Sematext provides a single pane of glass and machine learning powered alerts for logs, metrics, traces and digital user experience data. The new Sematext agent is fully Docker Engine and Kubernetes-aware. (Re)written in Go, it has a minimal memory and CPU footprint. It also collects Kubernetes metrics in the most optimal fashion possible.
When deployed to worker nodes, Sematext agent relies on Kubernetes leader election mechanism to elect one instance of agent to act as the leader agent, thus minimizing the agent impact. Such cluster agent leader collects cluster level metrics (deployment, pod, statefulset stats) and Kubernetes events, while other agent instances are in charge of gathering kubelet-specific metrics, as well as container metrics for workloads collocated on the node where the agent is running. Kubernetes clusters running lots of nodes will see the most benefit from this newly optimized Sematext agent.

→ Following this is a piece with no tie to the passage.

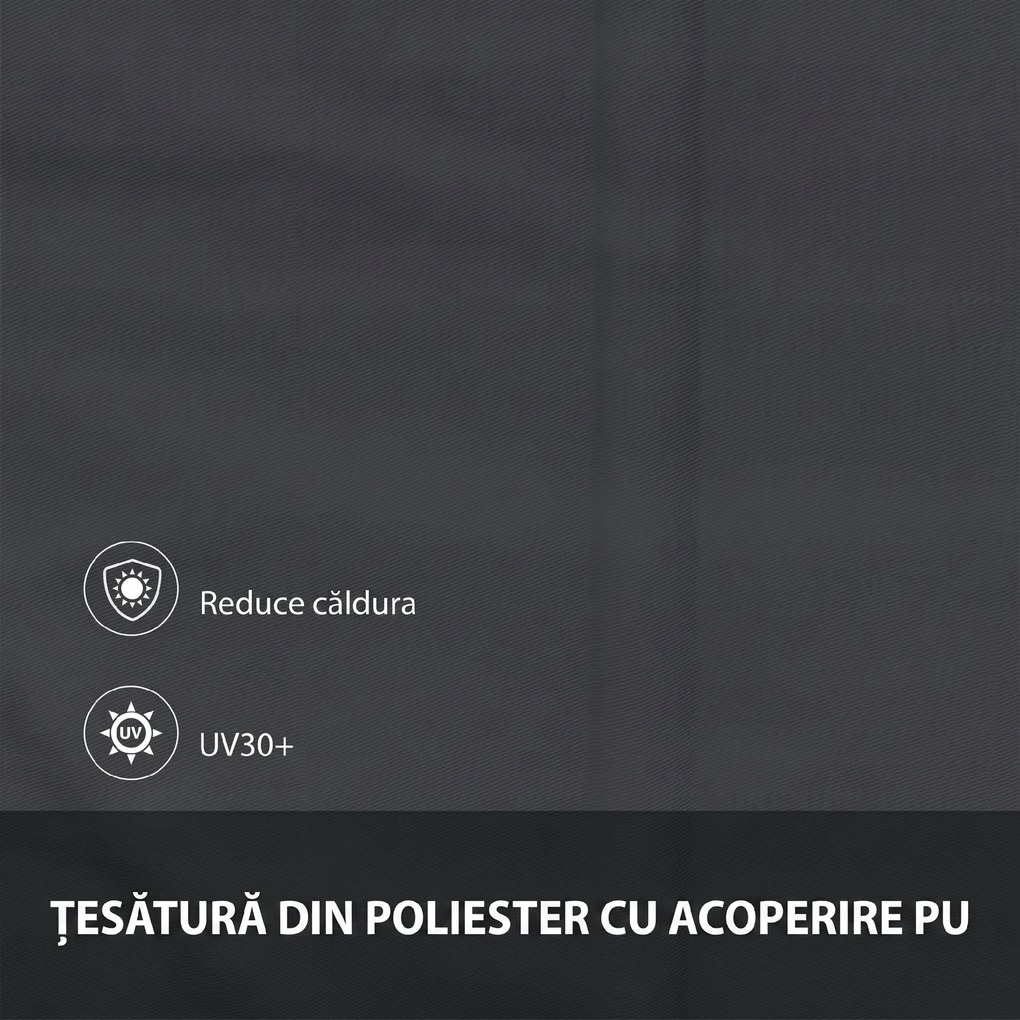 Outsunny Copertină cu Braț Pliabil, cu Deschidere Manuală, Copertină Basculantă cu Protecție UV30+, 150x120 cm, Gri Închis | Aosom Romania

The new agent gathers information about processes inside and outside containers, thus providing data for the new Sematext process monitoring functionality.
Network tracing uses Linux kernel-level eBPF to collect information about network connections being made and established. Unlike traditional pcap-based network monitoring, the eBPF approach incurs negligible overhead.
The new Sematext Kubernetes agent is available via Docker Hub and can be readily deployed in Docker Enterprise.